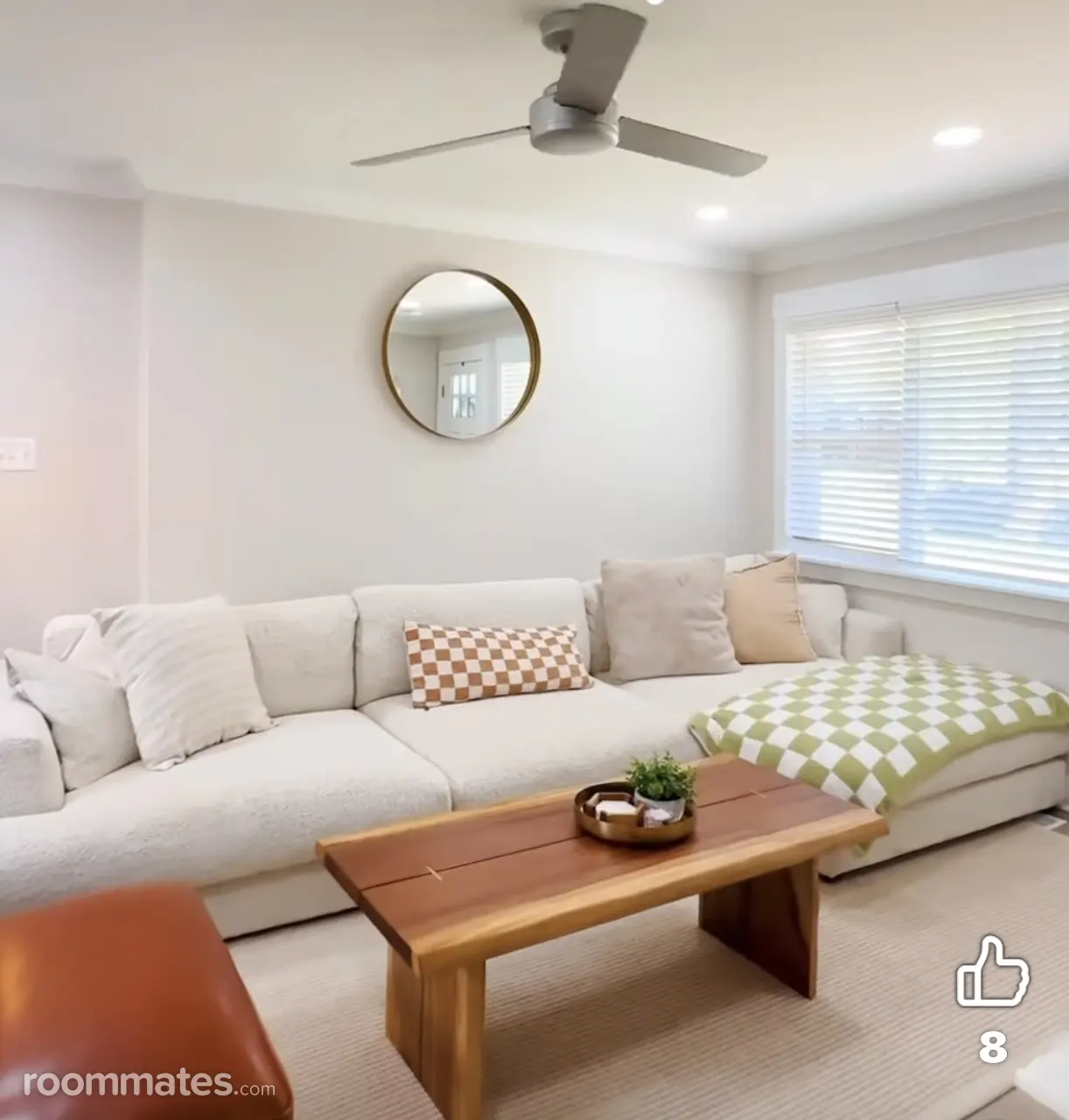 Profile photo 8 of 16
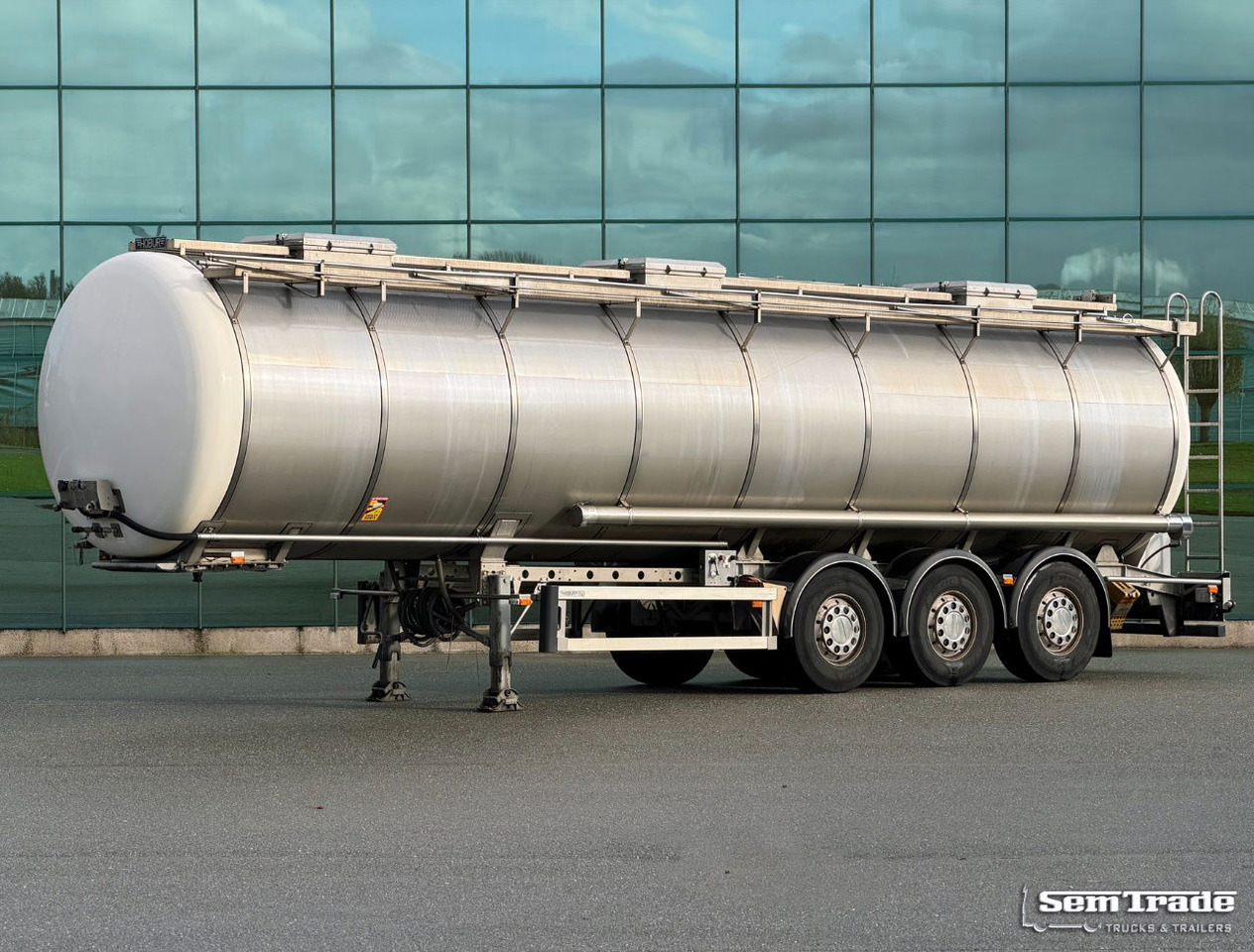 Burg 37.300 Liter 3 Compartments Disc Brakes Super Condition NL Trailer - Naczepa cysterna: zdjęcie 1 Burg 37.300 Liter 3 Compartments Disc Brakes Super Condition NL Trailer - Naczepa cysterna: zdjęcie 1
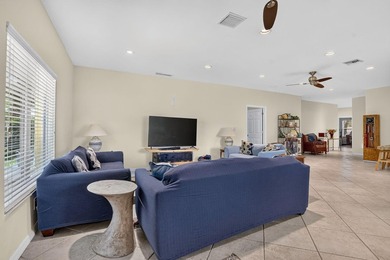 3 Bedroom 2 1/2 bath single family home. Vaulted ceilings - photo 18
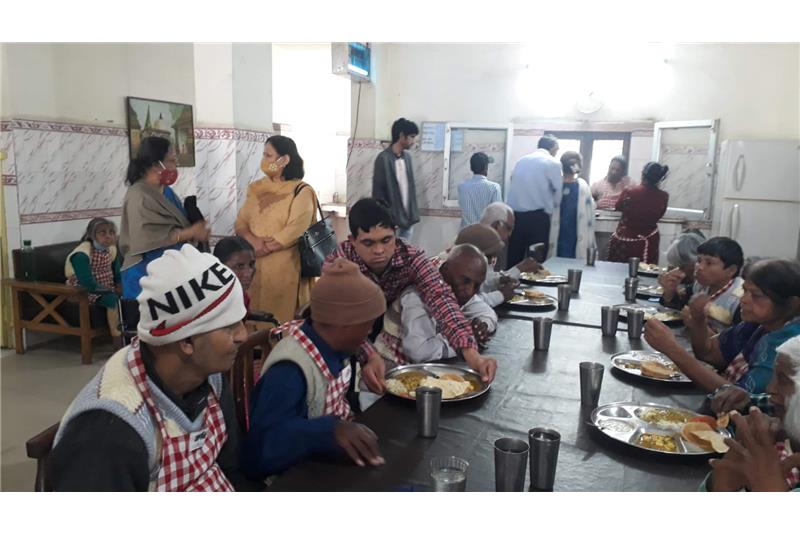 Dr Bhawna Malhotra Singh has sponsored lunch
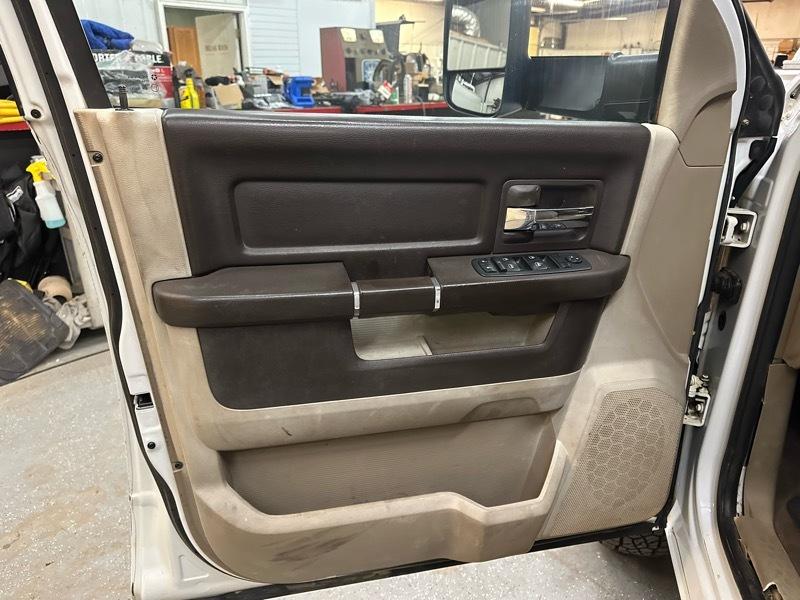 RAM 3500 SLT Crew Cab LWB 4WD DRW 2010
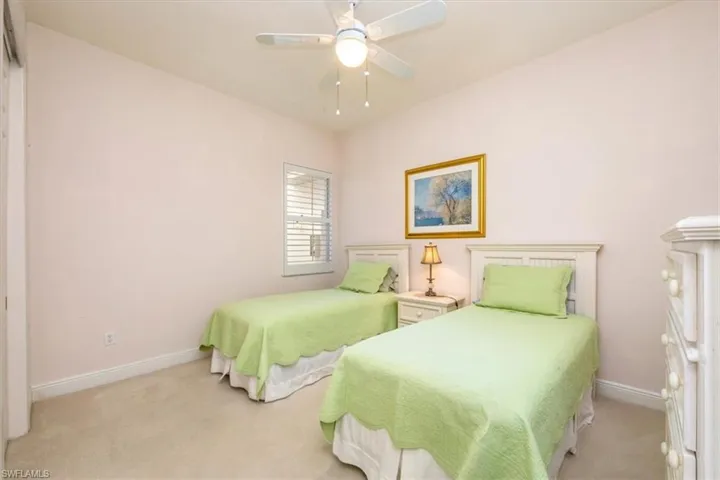 4700  Yacht Harbor  DR, Naples, FL 34112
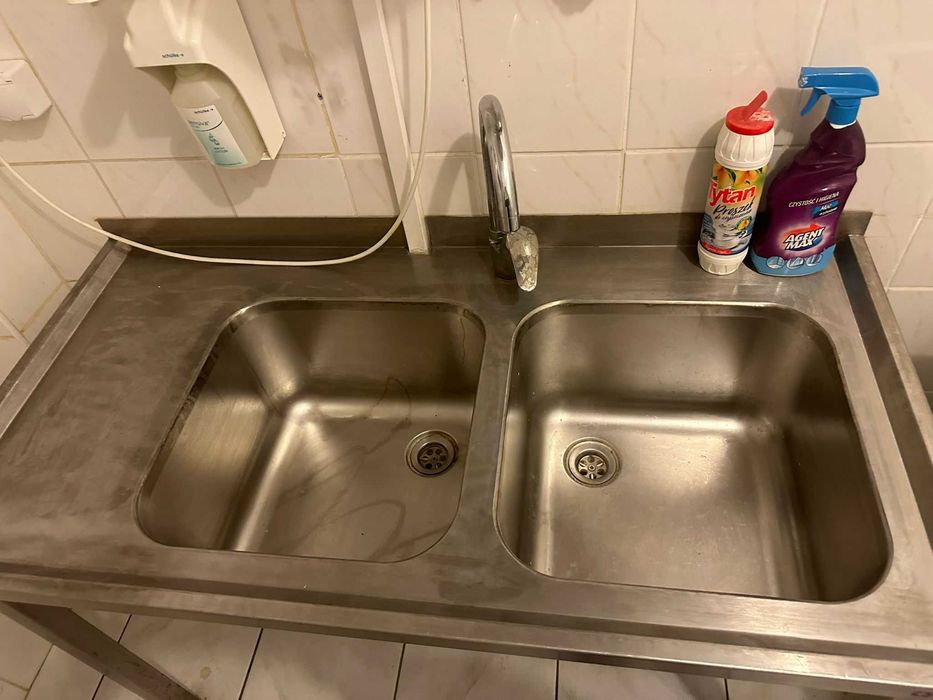 Stół ze zlewem 2-komorowym STALGAST 1180/600/850 STAL NIERDZEWNA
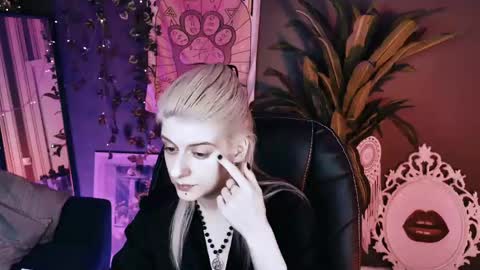 REAL name LiaDM are always open online show from May 15, 3:41 pm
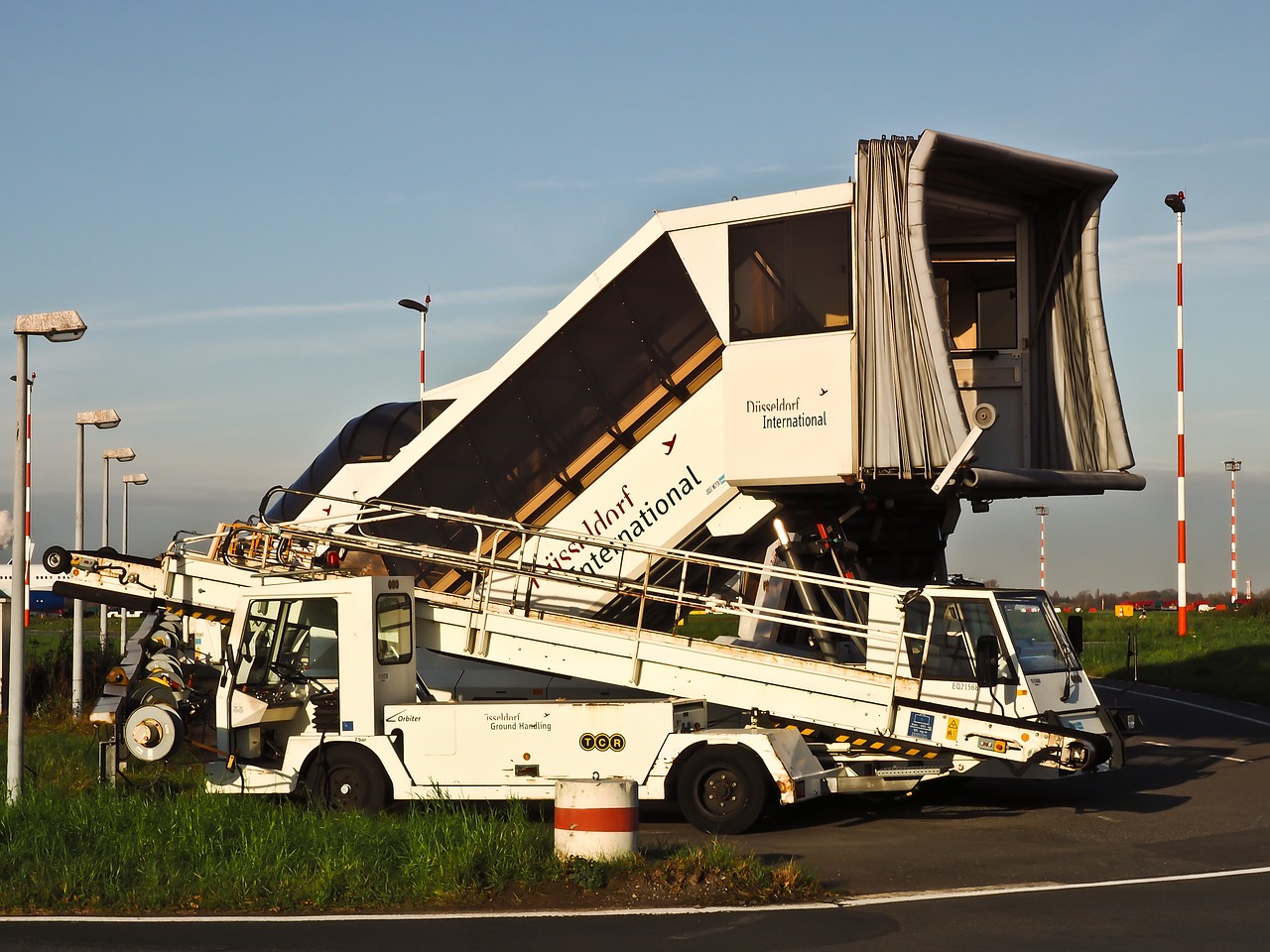 固态、纳电、氢能相继上车，未来交通能源的革新之路 固态储氢是未来高密度储存和氢能安全利用的发展方向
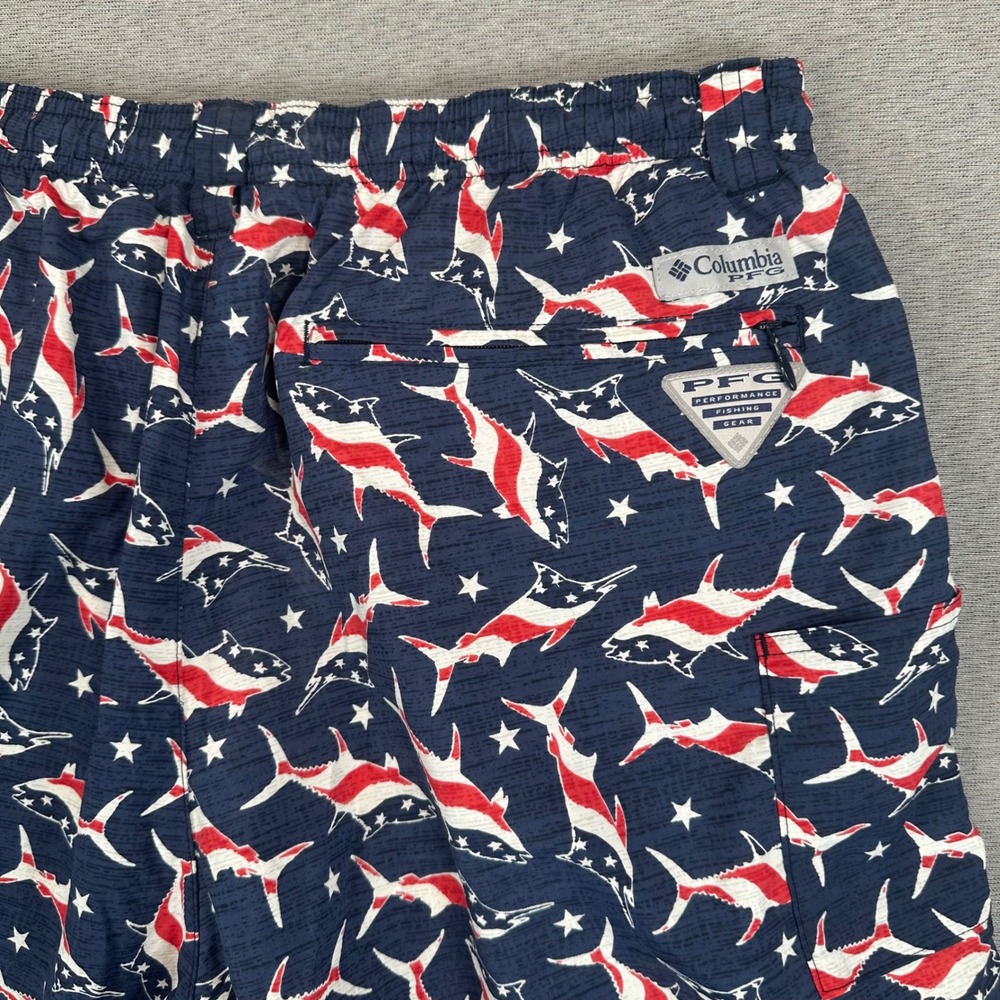 Columbia PFG Swim Trunks Mens Large Navy Red White Americana Shark Star AOP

------------------------------------------------

=== Try it ===
With the pictures left out, return all the material above exactly.

=== Solved exercise ===
 Profile photo 8 of 16
 Burg 37.300 Liter 3 Compartments Disc Brakes Super Condition NL Trailer - Naczepa cysterna: zdjęcie 1 Burg 37.300 Liter 3 Compartments Disc Brakes Super Condition NL Trailer - Naczepa cysterna: zdjęcie 1
 3 Bedroom 2 1/2 bath single family home. Vaulted ceilings - photo 18
 Dr Bhawna Malhotra Singh has sponsored lunch
 RAM 3500 SLT Crew Cab LWB 4WD DRW 2010
 4700  Yacht Harbor  DR, Naples, FL 34112
 Stół ze zlewem 2-komorowym STALGAST 1180/600/850 STAL NIERDZEWNA
 REAL name LiaDM are always open online show from May 15, 3:41 pm
 固态、纳电、氢能相继上车，未来交通能源的革新之路 固态储氢是未来高密度储存和氢能安全利用的发展方向
 Columbia PFG Swim Trunks Mens Large Navy Red White Americana Shark Star AOP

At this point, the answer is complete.